### What the task asks
Set the listing down again exactly, please, apart from its pictures.

### Data block
= = =
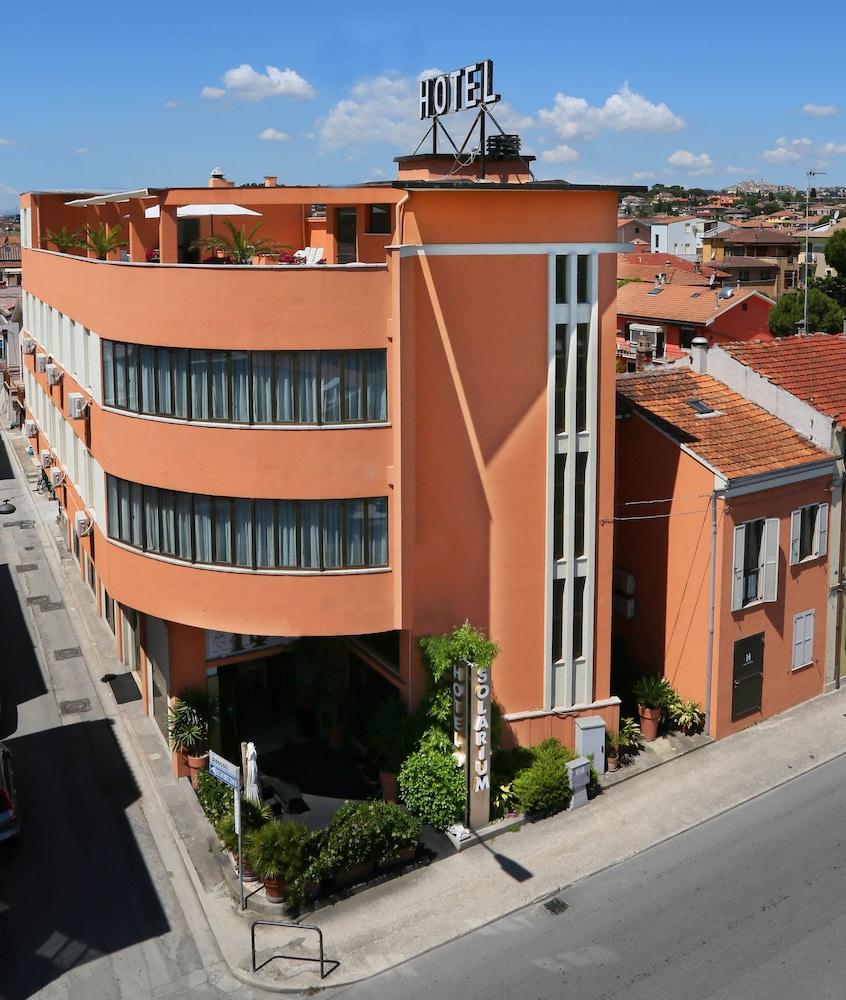 Hotel Solarium Civitanova Marche Exterior foto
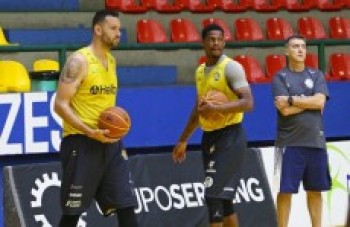 Equipe retoma treinos para série contra Caxias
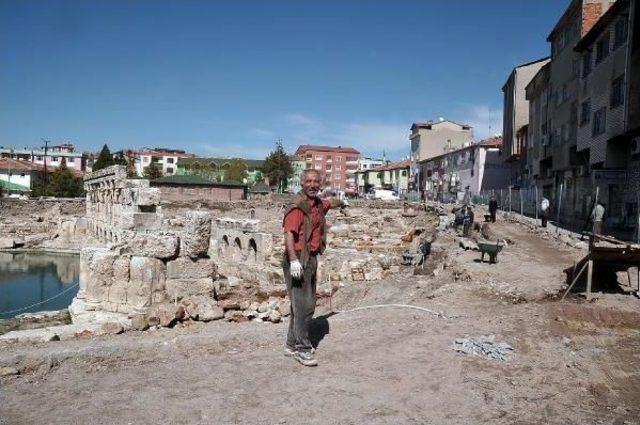 Tarihi Roma Hamamı Tarihe Işık Tutuyor 1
= = =
### Answer to this task
 Hotel Solarium Civitanova Marche Exterior foto
 Equipe retoma treinos para série contra Caxias
 Tarihi Roma Hamamı Tarihe Işık Tutuyor 1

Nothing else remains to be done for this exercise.